Vecorisation and better memory alignments for speed-up
In general, codes running on Xeon Phi should be able to use many cores and scale well when the number of cores is increased. In the case of GERShWIN the multi-threaded version of the code was taken as a baseline. As codes need to be vectorised to make efficient use of this CPU, the first step was to rewrite the matrix/vector product operations. This made it possible to expose to the compiler as many vectorisation opportunities as possible. In addition, OpenMP SIMD directives were used to enforce vectorisation.

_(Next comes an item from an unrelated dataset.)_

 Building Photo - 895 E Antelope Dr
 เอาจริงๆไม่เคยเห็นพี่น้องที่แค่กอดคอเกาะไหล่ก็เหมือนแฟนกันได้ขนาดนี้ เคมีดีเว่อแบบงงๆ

These initial modifications already resulted in a speedup of 1.3. In a second step, bad memory alignments were identified and resolved. After these changes the speedup factor increased to 2.1. Similar procedures lead to speed-up factors of 3.5 for the oil exploration code by BSC and even 3.6 for the TurboRVB code by CINECA.

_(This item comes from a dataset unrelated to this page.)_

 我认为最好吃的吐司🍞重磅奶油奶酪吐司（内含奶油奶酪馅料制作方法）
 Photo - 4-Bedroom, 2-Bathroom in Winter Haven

Benefiting from the on-package MCDRAM
Finally, the team explored the Xeon Phi option to leverage the on-package high-bandwidth memory (MCDRAM). For accessing this memory, the numactl command was used to place all application data (for a use case that requires less than 16 GByte memory) on the MCDRAM. The threaded and vectorised version of GERShWIN using the MCDRAM yields a speed increase of factor 1.3 to 1.4 compared to using the DDR4 DRAM. We have measured similar speedup factors e.g. for the TurboRVB code by CINECA.